Now be it Known that, in consideration of the premises, each of said parties, for himself and his heirs, executors and administrators, doth hereby release and discharge the other of said parties, his heirs, executors and administrators from all claims, demands and causes of action of every kind and nature whatsoever both at law and in equity to the date of these presents.

In Witness Whereof, The said parties have hereunto and to a duplicate hereof set their hands and seals this day of 19_. (Signatures.) (Seals.)

Executed in presence of

CHAPTER XV.

NOTES OF HAND AND BILLS OF EXCHANGE, DRAFTS AND CHECKS.

SECTION I.

THE PURPOSE OF, AND THE PARTIES TO, SUCH PAPERS. THESE instruments are usually negotiable. By negotiable paper is meant evidence of debt which may be transferred by indorsement or delivery, so that the transferee or holder may sue the same in his own name, and as if it had been made to him originally; or, in other words, it means paper, that is, bills of exchange or promissory notes, or drafts, or checks, payable to the order of a payee, or to bearer.

The rules of law on the subject of negotiable paper are more exact and technical than those of any other department of Mercantile Law. They reach, on many points, an extreme nicety, which makes it difficult to express them intelligibly to persons who do not already possess some familiarity with the subject. All difficulty of this kind could have been easily avoided by me by omitting any notice of these nice points. But it was thought better to mention them, one and all, for these are the things an intelligent man of business should know; and although the rules stated, especially those in reference to presentment, demand, notice, and some other subjects, may seem to be intricate and difficult, they require, it is believed, only careful consideration to be fully understood.
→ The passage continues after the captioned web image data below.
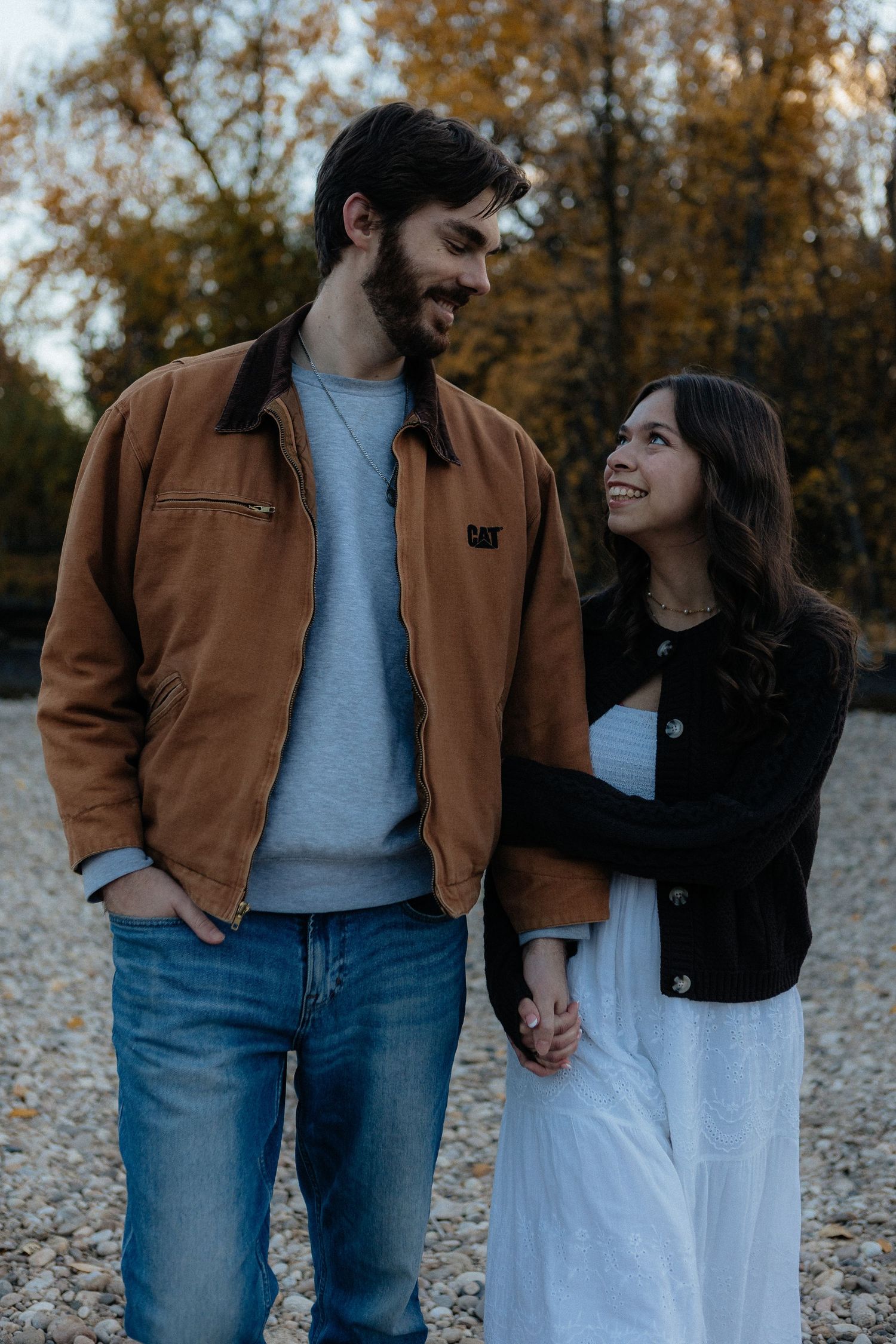 A couple in casual fall attire walks together on a leaf-covered path during autumn.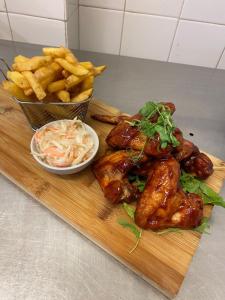a cutting board with chicken wings and french fries at The Hind Hotel in Wellingborough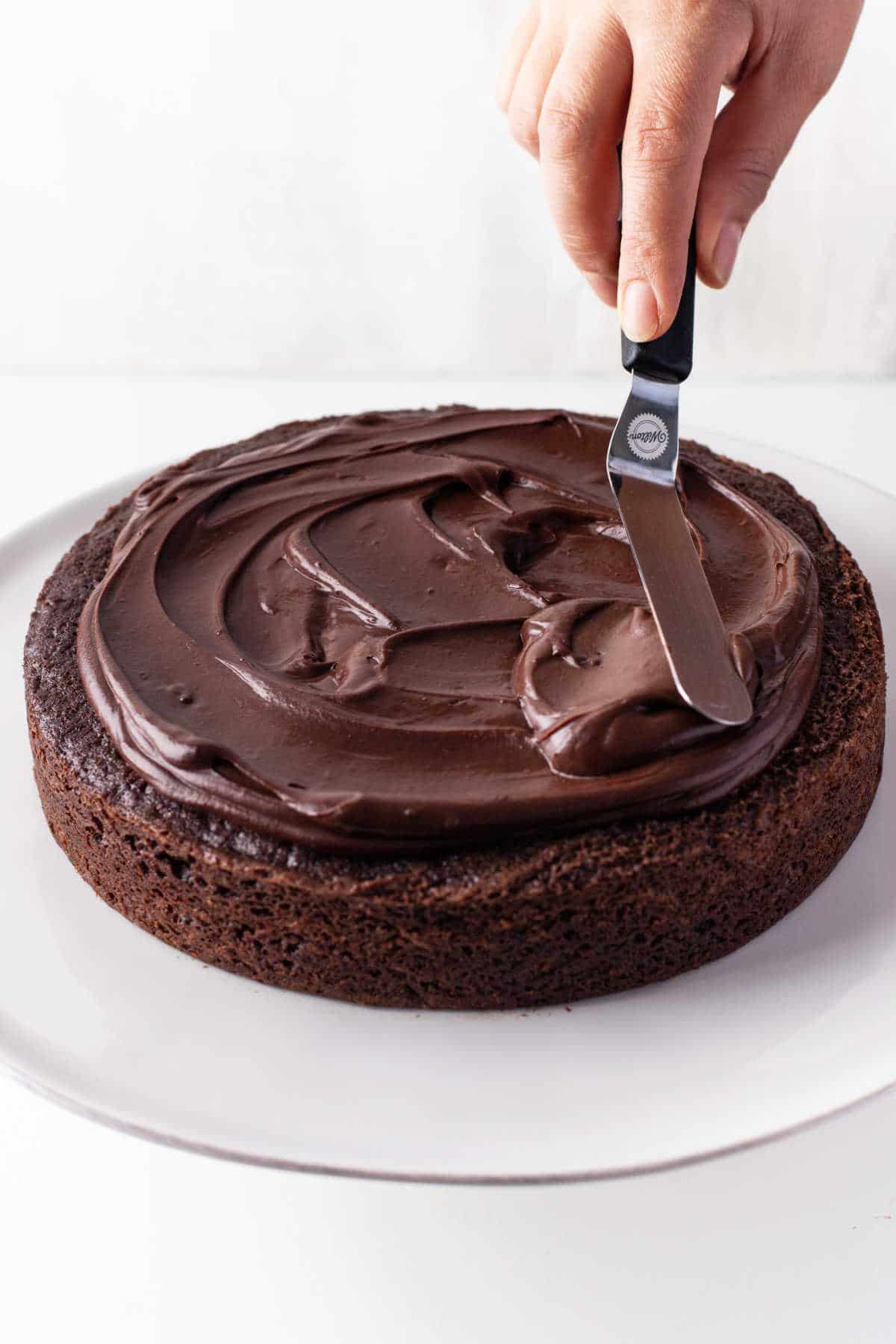 An offset spatula spreading chocolate ganache on a chocolate cake. 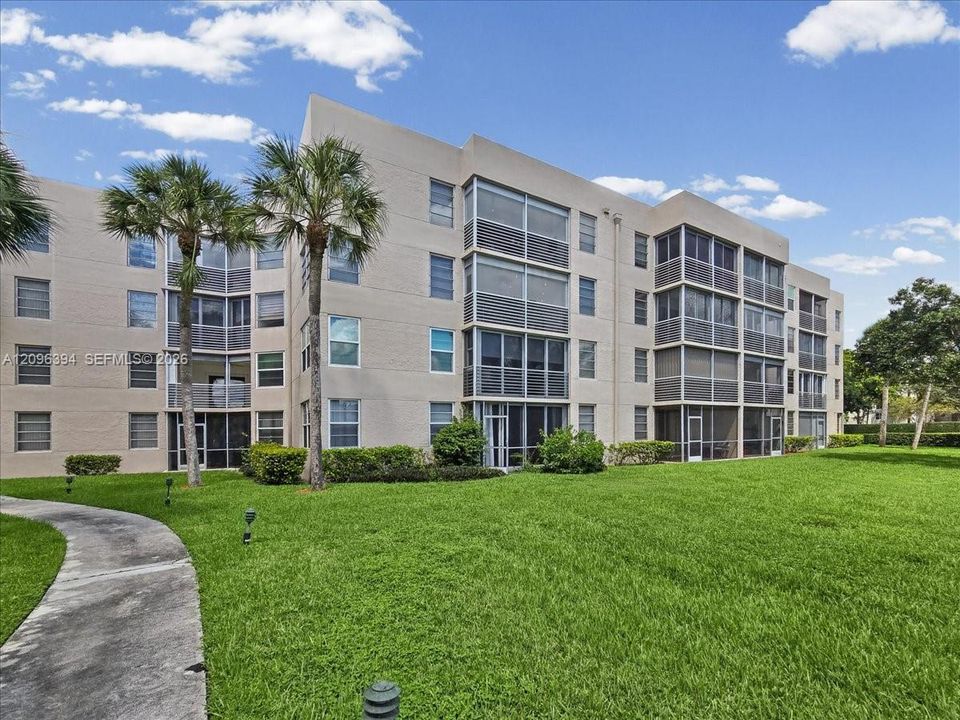 Multi-story residential building featuring a stucco exterior, screened balconies, and a concrete walkway set within a landscaped lawn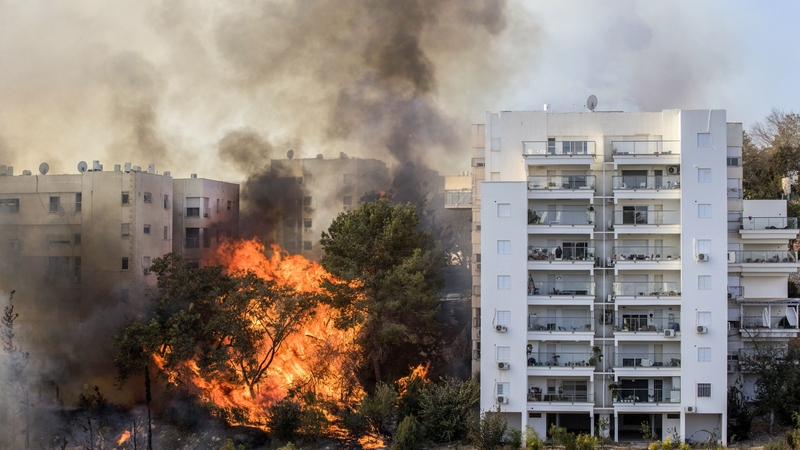 Flames are seen close to tower blocks in Haifa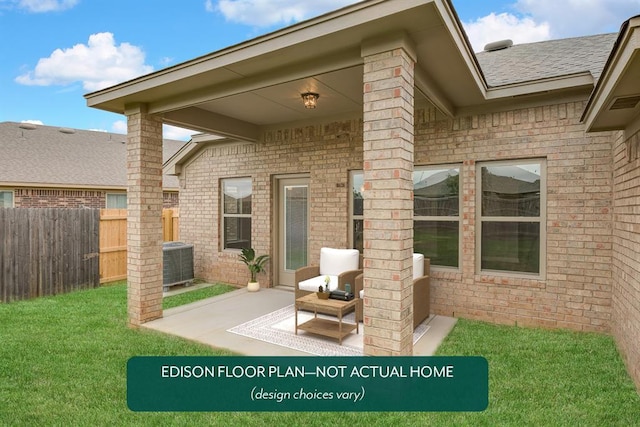 exterior space featuring a yard, central AC unit, and a patio area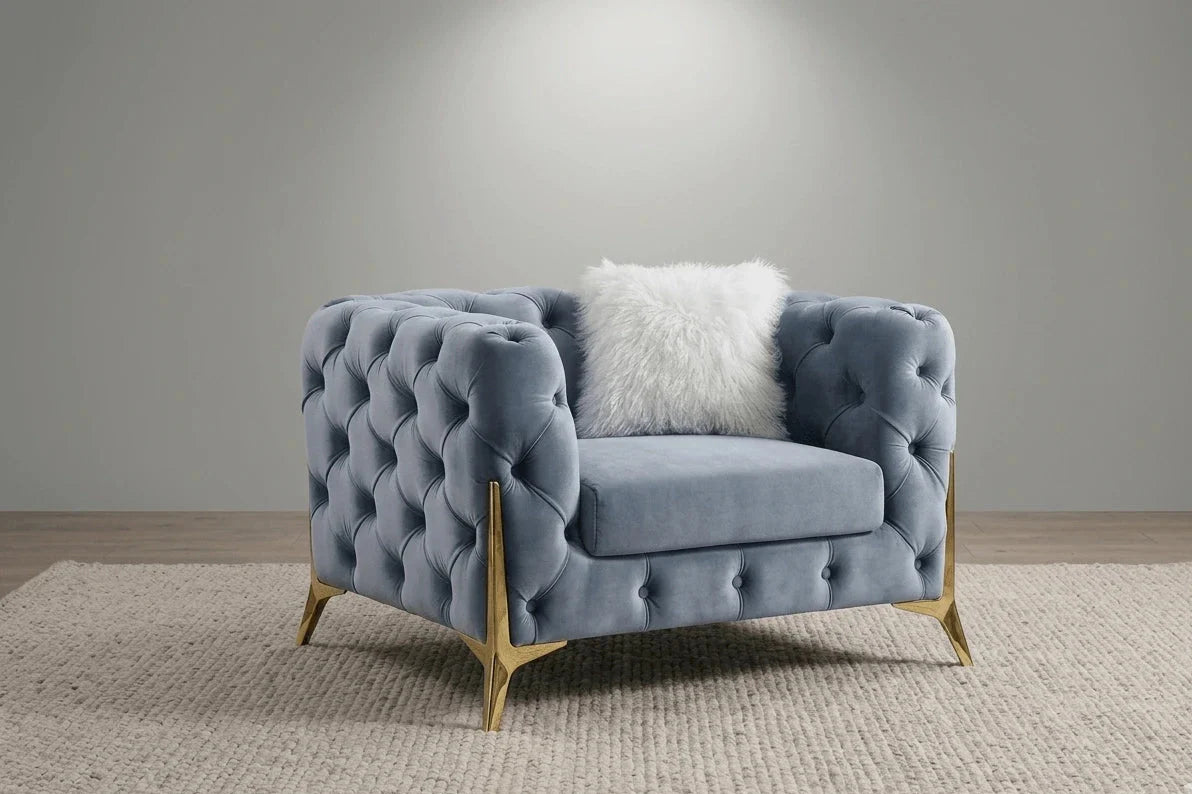 Luxury grey fabric sofa featuring classic Chesterfield button detailing.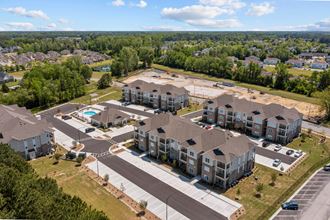 an aerial view of several apartment buildings and a parking lot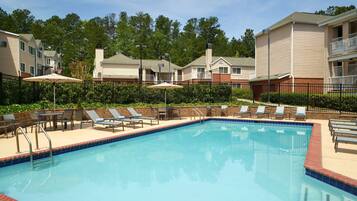 Una piscina al aire libre de temporada, sillones reclinables de piscina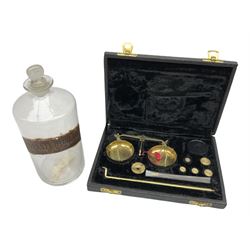 19th century clear glass apothecary jar with label, together with a cased set of balance scales and weights, in one box 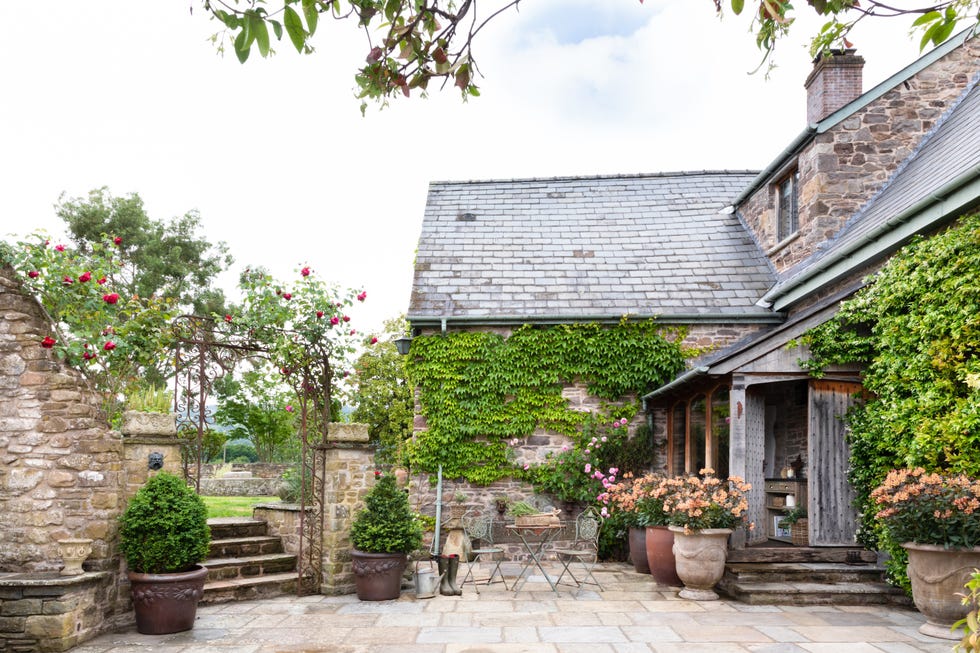 a house with a brick patio and a stone patio with plants and a brick wall and a brick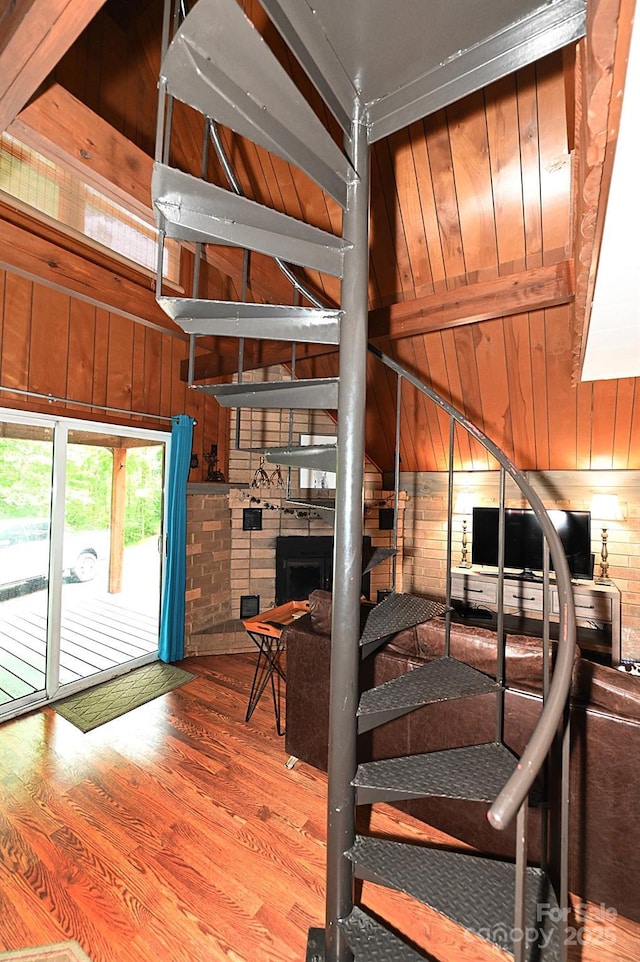 3430 Rose Creek Rd, Morganton, NC 28655 - stairs featuring wood finished floors, wood walls, and a large fireplace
While the general principles of the law relating to negotiable instruments have been the same in all parts of the country, there have been minor differences in the laws of the several States. In order to make the law uniform throughout the country, an act prepared under the auspices of the American Bar Association, and known as the "Uniform Negotiable Instrument Law," has been recently adopted and is in force in nearly all the States.

Where and when bills of exchange were invented is not certainly known. They were not used by any ancient nations, but have been employed and recognized by most commercial nations for

some centuries. A still more recent invention is the promissory negotiable note, which, in this country, for inland and domestic purposes, has taken the place of the bill of exchange very generally. Besides these two, bills of lading, and some other documents, have a kind of negotiability, but it is quite imperfect. The utility of bills and notes in commerce, arises from the fact that they represent money, which is the representative of the market value of everything; and many of the peculiar rules respecting negotiable paper are derived from this representation, and intended to make it adequate and effectual.

A negotiable bill of exchange is a written order whereby A orders B to pay to C or his order, or to bearer, a sum of money absolutely and at a certain time.

C.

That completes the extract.